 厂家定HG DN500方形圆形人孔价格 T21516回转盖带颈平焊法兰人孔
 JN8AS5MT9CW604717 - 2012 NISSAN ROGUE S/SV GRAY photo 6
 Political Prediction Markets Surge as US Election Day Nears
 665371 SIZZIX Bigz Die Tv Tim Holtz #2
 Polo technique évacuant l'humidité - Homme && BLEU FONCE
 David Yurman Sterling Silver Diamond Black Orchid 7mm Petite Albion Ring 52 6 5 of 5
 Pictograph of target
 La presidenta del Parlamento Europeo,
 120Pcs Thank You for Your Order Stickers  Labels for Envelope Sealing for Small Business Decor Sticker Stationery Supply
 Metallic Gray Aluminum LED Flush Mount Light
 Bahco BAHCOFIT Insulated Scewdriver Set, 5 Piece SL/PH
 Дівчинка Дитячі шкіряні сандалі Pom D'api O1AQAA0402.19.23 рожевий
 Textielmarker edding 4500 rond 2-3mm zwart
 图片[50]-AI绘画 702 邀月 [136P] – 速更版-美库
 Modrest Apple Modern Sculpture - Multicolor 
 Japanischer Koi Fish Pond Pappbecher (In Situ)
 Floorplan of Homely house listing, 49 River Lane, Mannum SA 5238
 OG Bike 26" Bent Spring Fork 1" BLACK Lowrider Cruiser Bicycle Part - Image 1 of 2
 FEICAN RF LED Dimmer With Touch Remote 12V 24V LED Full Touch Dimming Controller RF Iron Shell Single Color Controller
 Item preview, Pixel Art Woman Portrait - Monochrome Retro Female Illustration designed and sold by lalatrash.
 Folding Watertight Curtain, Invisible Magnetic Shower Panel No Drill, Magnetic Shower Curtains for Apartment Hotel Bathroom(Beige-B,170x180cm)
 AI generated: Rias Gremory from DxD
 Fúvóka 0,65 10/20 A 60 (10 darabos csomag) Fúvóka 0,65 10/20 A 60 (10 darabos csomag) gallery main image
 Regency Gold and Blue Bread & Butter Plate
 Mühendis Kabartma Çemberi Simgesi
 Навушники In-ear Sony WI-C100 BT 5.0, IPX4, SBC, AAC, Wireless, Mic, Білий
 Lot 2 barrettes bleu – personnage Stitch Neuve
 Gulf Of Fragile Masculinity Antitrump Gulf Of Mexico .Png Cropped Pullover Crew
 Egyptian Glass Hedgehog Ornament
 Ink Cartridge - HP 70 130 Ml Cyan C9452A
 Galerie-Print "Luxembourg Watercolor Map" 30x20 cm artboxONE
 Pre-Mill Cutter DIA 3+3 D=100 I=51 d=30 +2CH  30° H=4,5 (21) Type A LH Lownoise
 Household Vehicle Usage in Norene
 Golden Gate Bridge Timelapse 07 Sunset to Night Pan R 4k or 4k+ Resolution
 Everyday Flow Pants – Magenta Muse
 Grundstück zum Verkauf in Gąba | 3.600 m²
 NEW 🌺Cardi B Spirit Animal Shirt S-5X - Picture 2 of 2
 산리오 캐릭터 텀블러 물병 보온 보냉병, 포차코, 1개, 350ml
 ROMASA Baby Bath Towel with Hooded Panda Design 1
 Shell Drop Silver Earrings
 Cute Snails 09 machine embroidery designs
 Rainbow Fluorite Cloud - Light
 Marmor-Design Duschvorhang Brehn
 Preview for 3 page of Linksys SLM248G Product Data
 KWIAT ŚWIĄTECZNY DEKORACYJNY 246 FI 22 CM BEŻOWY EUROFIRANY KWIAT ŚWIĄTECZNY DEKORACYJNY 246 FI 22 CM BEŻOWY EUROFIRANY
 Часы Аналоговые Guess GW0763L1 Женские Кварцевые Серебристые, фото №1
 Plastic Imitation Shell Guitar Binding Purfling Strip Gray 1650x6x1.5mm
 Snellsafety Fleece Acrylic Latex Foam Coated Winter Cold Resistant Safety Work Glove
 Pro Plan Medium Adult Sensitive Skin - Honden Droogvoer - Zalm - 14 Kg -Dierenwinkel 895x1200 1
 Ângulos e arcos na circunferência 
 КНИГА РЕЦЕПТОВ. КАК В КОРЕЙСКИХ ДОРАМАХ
_____
**What the task asks**
Could you output, exactly and with nothing else, the lines from the start of the records through the line containing "Japanischer Koi Fish"?

**The completed task**
 厂家定HG DN500方形圆形人孔价格 T21516回转盖带颈平焊法兰人孔
 JN8AS5MT9CW604717 - 2012 NISSAN ROGUE S/SV GRAY photo 6
 Political Prediction Markets Surge as US Election Day Nears
 665371 SIZZIX Bigz Die Tv Tim Holtz #2
 Polo technique évacuant l'humidité - Homme && BLEU FONCE
 David Yurman Sterling Silver Diamond Black Orchid 7mm Petite Albion Ring 52 6 5 of 5
 Pictograph of target
 La presidenta del Parlamento Europeo,
 120Pcs Thank You for Your Order Stickers  Labels for Envelope Sealing for Small Business Decor Sticker Stationery Supply
 Metallic Gray Aluminum LED Flush Mount Light
 Bahco BAHCOFIT Insulated Scewdriver Set, 5 Piece SL/PH
 Дівчинка Дитячі шкіряні сандалі Pom D'api O1AQAA0402.19.23 рожевий
 Textielmarker edding 4500 rond 2-3mm zwart
 图片[50]-AI绘画 702 邀月 [136P] – 速更版-美库
 Modrest Apple Modern Sculpture - Multicolor 
 Japanischer Koi Fish Pond Pappbecher (In Situ)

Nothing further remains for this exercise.